なにかがはじまるぱてーん

バブみ道日丿宮組

お題:今度の女の子 制限時間:15分

 家族に売られたと聞いたときは、終わりが見えた。

 身体もばらばらにされて、売られてしまうんだと思った。

 でも、今となったら絶望という感じはしない。

 むしろくるときがきたぐらいのちょっとした明るさが心の中で跳ねてる。

「こんにちわ」

 その日、少女が家を訪れてきた。

「これからよろしくお願いしますね」

「……よろしく」

 相変わらず可愛いこだった。ゴシックドールにしか見えない。僕の妹になる……もとい購入した人物は部屋を見渡す。

「ここは狭いので、広いところに引っ越しましょう」

「二人なら……ってそうはいかないか」

 少女の後ろには複数の使用人が見えた。彼らも住み込みでというのであれば、1LDKは狭いかもしれない。

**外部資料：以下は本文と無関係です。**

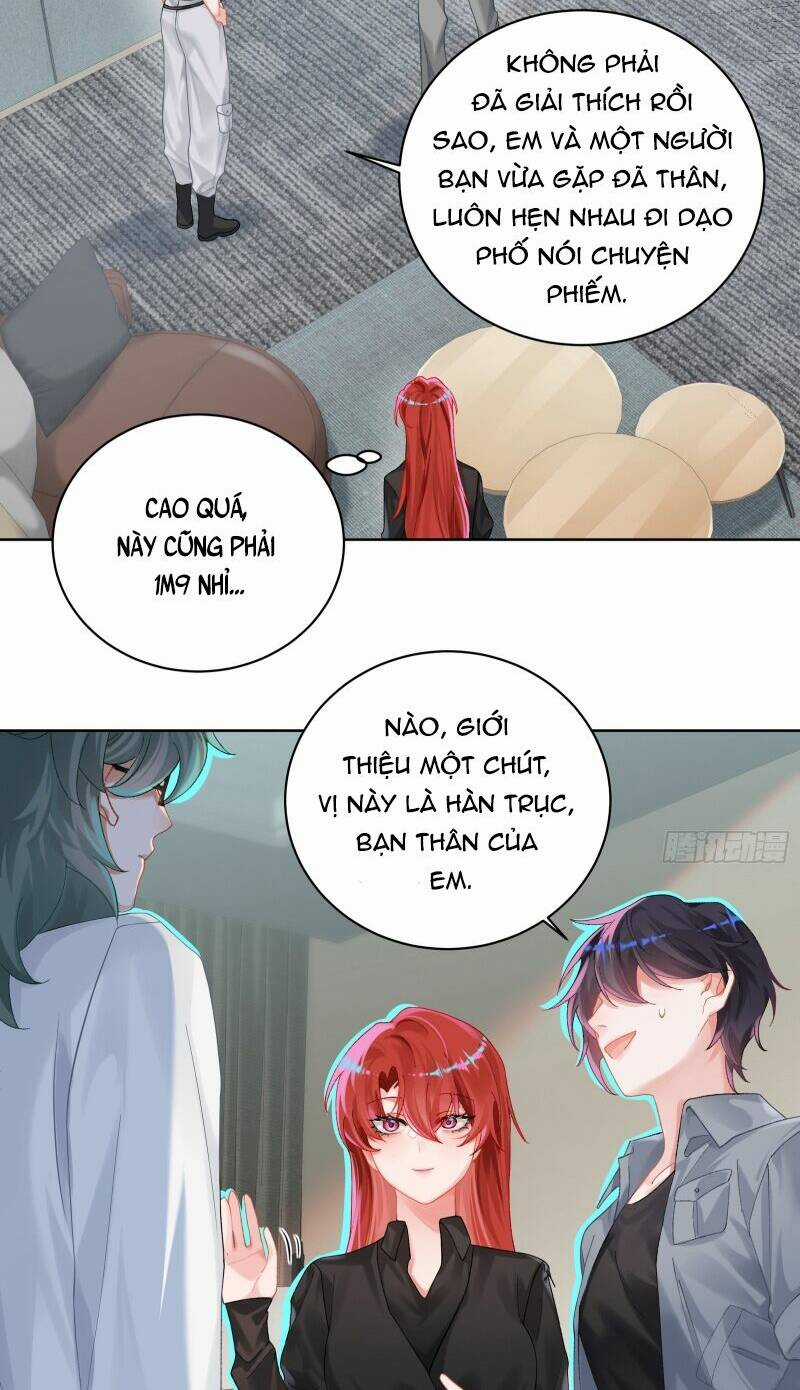 Bạn Trai Biến Dị Của Tôi!!! Chapter 18 trang 3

「いくら私が小さいからといって、同じベッドで眠ることはないのですよ?」

 当たり前のことだ。

「でも、そういうのもいいかもしれませんね。お姉さまってのは今までいませんでしたから、甘やかしてもらうことにしましょう」

 少女が手をあげると、使用人の人が持ってたタブレットを少女に見せてくる。

「ここなら問題ないでしょう。すぐに購入の手続きと、あとこの部屋の解約、そして荷物を運んでください」

 ぱんと少女が手を叩く。それだけで使用人たちがそれぞれ動き始める。

 数時間も経たずとして、ダンボールに僕の荷物は収納された。

「では、行きましょうか。荷物はまだ入ってませんが大丈夫です。私の荷物は既にありますし、家具なども入ってます」

 もしかすると、来る前に決まってたことかもしれない。それはそういう演技をしたということになるが、真意はわからない。

「じゃぁ……僕が使ってたのは……」

「処分します。もちろん、販売してお金としてお姉さまにお返しします」

 それはちょっとうれしい。

「外に車を止めていますので、行きましょう」

 手を差し伸べられたので、握った。

 笑みが返ってくる。間違ってないようでほっとした。

 買われた僕はいつ売られたっておかしくない。なるべくへそを曲げるようなことはしたくない。

 一応家族として購入されてはいるが、お金持ちの気持ちはわからないので安定とはいえないだろう。

「あなたが表舞台に出ることはありません」

 車に乗るとそう言われた。

「家族として私たちは接しますが、それ以外はただの物としてみてくるでしょう。だから、慣れてください。パーティでも一緒に行きたいですから」

 お金持ち特有のイベントか。

「が、頑張ってみる」

 少女は未だに僕の手を握り続けてる。

「気になりますか?」

「う、うん」

「久々に人の温かみを感じましたので、離すのがもったいなく思いましてね」

 親の影が見えないし……独立してるのかもしれない。 

 そうしなければ、僕を買うなんてことはできないだろう。

「私は少し寝ますので、あなたもどうぞ好きにしててください」

 数秒も待たずとして、少女から寝息が聞こえた。

 僕はしかたないので、窓の外を見ることにした。